Absolutamente. Pero, en cierto modo, lo que tenemos es el dilema de Aníbal Pinto invertido: las instituciones, nuestros compromisos recíprocos, no están a la altura de lo que hemos llegado a ser desde el punto de vista cultural. Es decir, una sociedad pluralizada, con conciencia de autonomía, donde ya nadie tolera que la pertenencia original de clase marque a fuego su futuro. Entonces, pongámonos a la altura de eso. Y un segundo eje, creo yo, pasa por comprender que “las flechas y pedradas del destino”, como diría Hamlet, es decir la enfermedad, la vejez, en sociedades como la nuestra son riesgos compartidos. Ahí requerimos algún acuerdo mutuo: si todos los vamos a padecer, tenemos que ser capaces de compartirlos. En torno a esos dos ejes podríamos construir un proyecto razonablemente utópico, una utopía de bolsillo, digamos. Pero para eso necesitamos gente inteligente que sea capaz de formularla, de persuadir, de postergar la gratificación inmediata en pos de ese objetivo. Y por ahora no tenemos a esos políticos, lamentablemente.
¿También necesitamos que la opción “A favor” gane el plebiscito en diciembre?
A mí me parece fundamental. El gran problema del debate constitucional es que, mientras dura, lo traba todo. Y cuando se logra, proporciona muy poco: el mundo sigue su curso y nada sorprendente ha ocurrido. Sí, tenemos que pasar luego este debate. Pero me temo que eso sólo podría ocurrir si los miembros del Consejo Constitucional se persuaden de que su posición es frágil. Los republicanos debieran entender que la votación que lograron no es una adhesión a su proyecto ideológico.

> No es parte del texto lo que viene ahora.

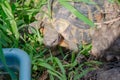 View of a turtle going to drink water. Reproduction of turtles at home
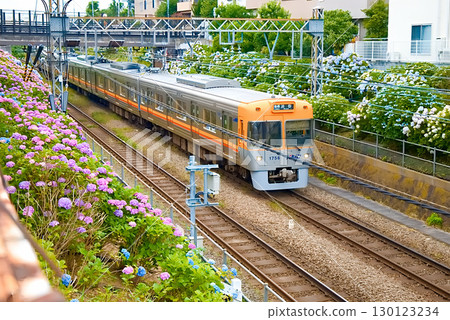 Keio Inokashira線和繡球花 130123234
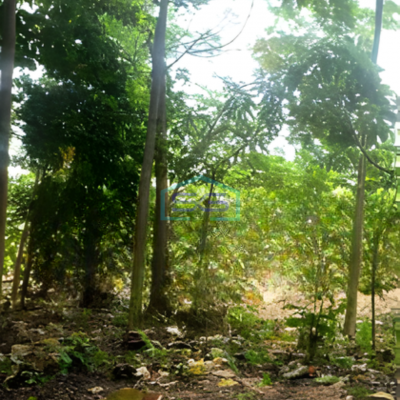 Dijual Tanah Luas 23000 m² Lokasi di Beji Depok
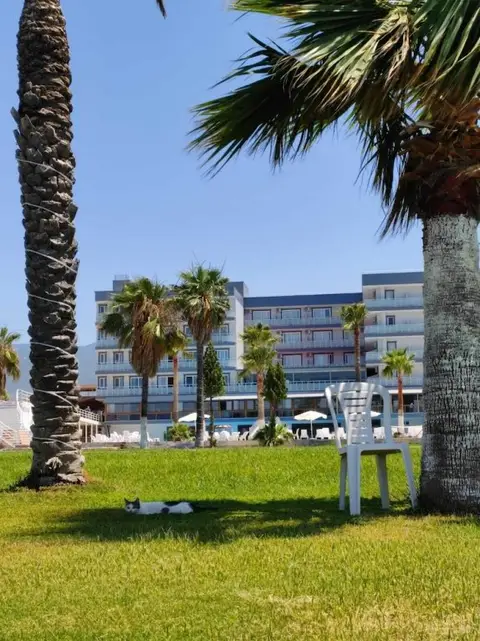 Diva Turka Beach Hotel — фото 5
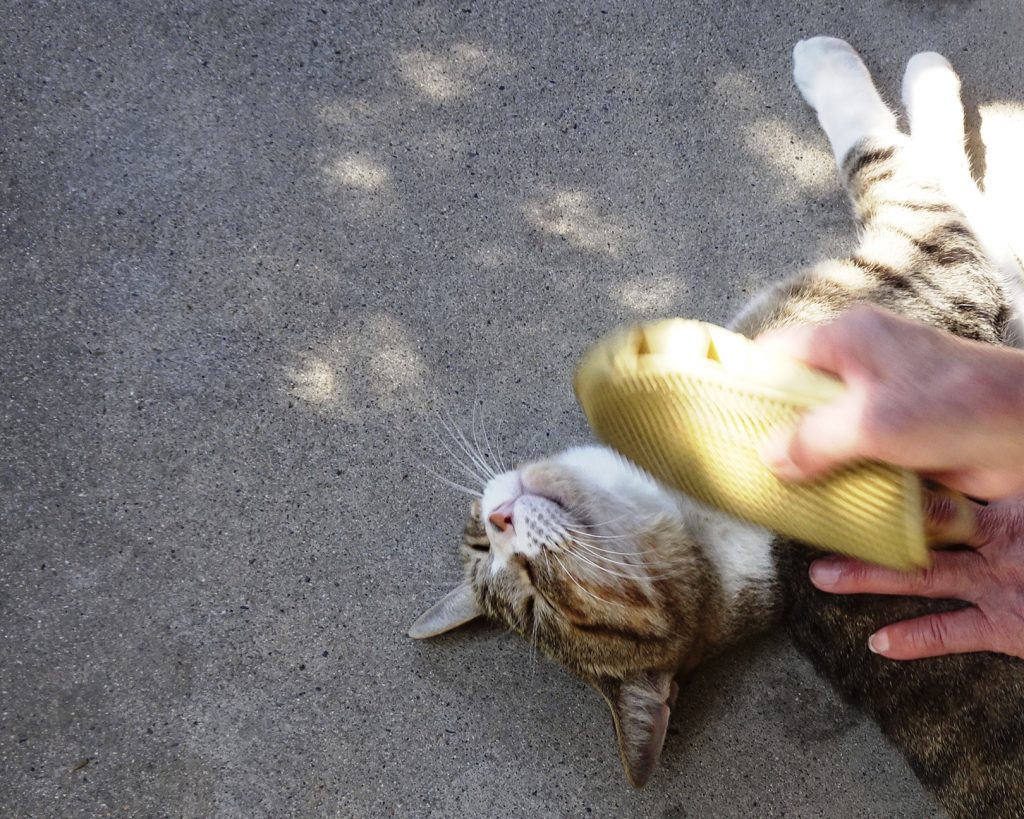 ねこ、風太 毛づくろい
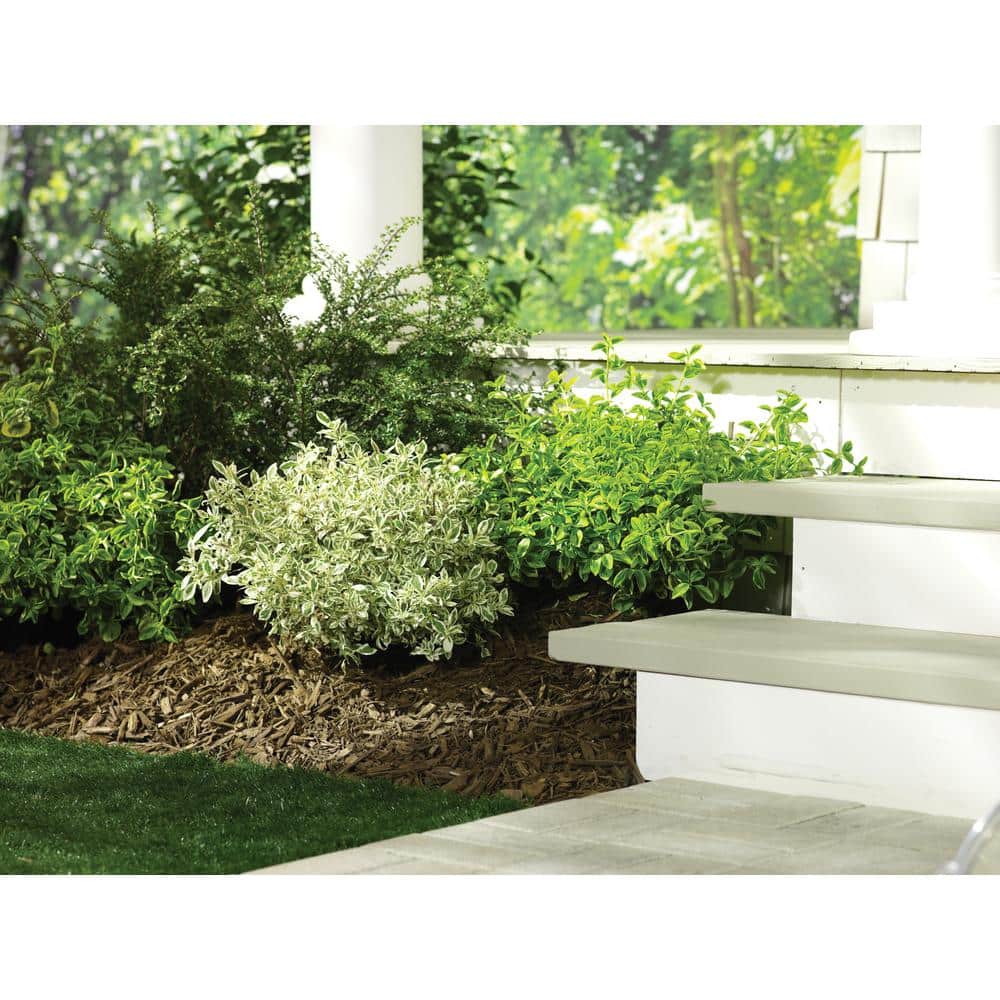 4.5 in. Qt. Gold Splash Wintercreeper (Euonymus) Live Evergreen Shrub, Green and Yellow Foliage - Hercitys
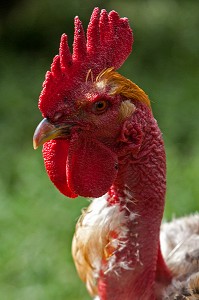 COQ AU COU NU, VU DE DOS, FRANCE
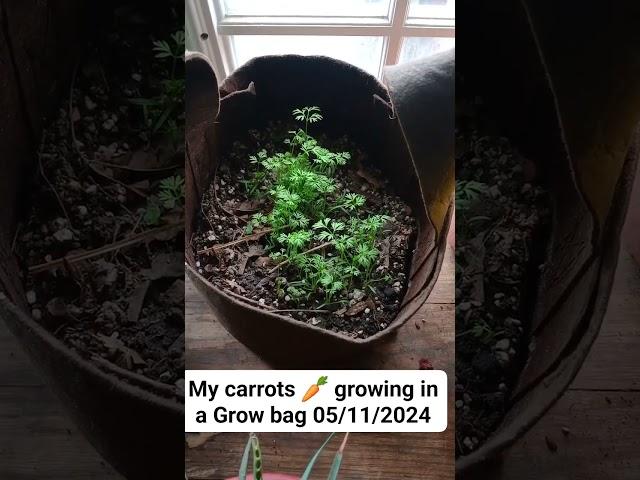 carrots growing in my grow bag first time growing them 05/11/2024 carrot episode 1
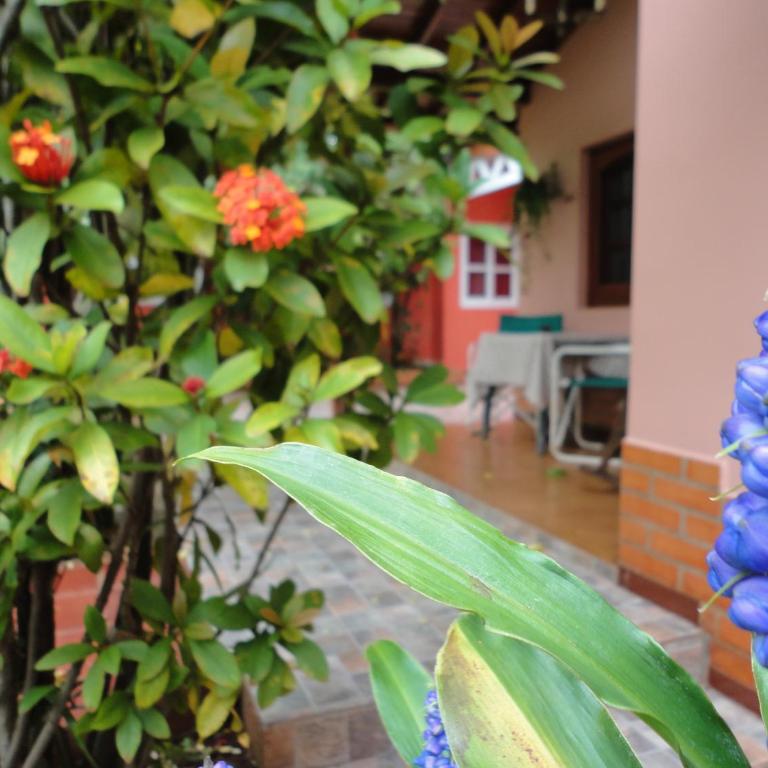 Hospedaje Ámbar - Two-Bedroom House ( 2-7 Adults) - 16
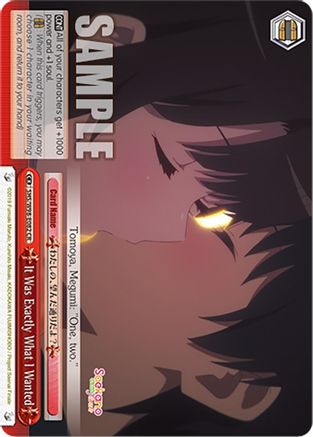 It Was Exactly What I Wanted (SHS/W98-E082 CR) - Saekano the Movie: Finale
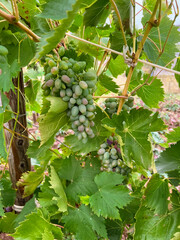 The harvest of green grapes ripens in the vineyard. Grapes for wine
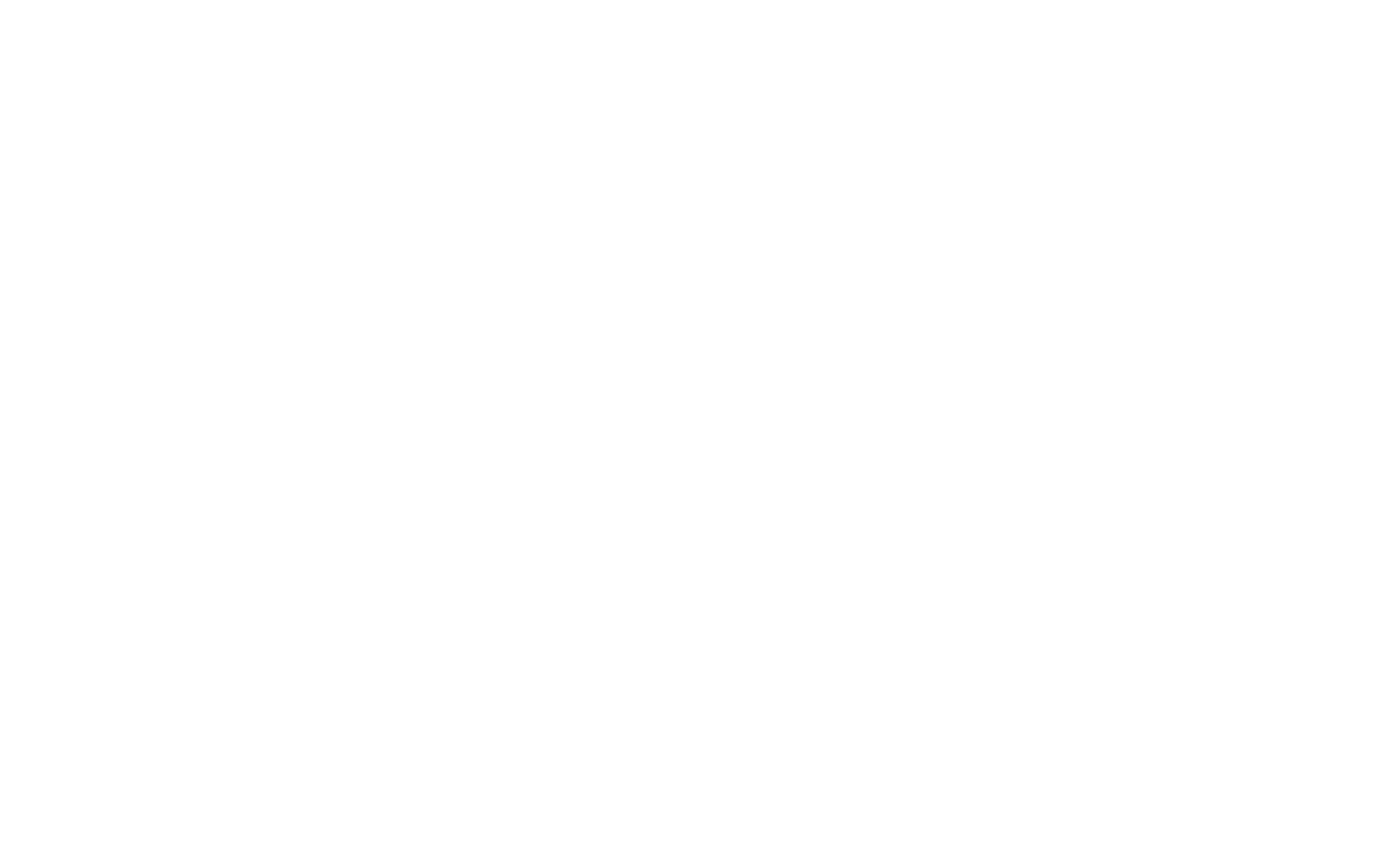 Raiber-Marketing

Y tampoco es cierto que la adhesión ideológica de la izquierda esté reducida al mínimo.
La gran pregunta es por qué la centroizquierda y el centro liberal ya no representan a nadie, si tienen tantos intelectuales.
[Se ríe] Bueno, no estoy tan seguro de que no representen a nadie, ¿ah? Pero es probable que la bonanza, la satisfacción, el bienestar que muchos han alcanzado, haya impedido esta labor de seducir a las mayorías y elaborar proyectos más colectivos. Sí, algo de eso pudo haber, porque la comodidad siempre es mala. La noción de cumplir el deber exige que a uno las circunstancias lo irriten, incluso lo avinagren. Confiemos en que este panorama sombrío acicatee a muchos para que eso ocurra.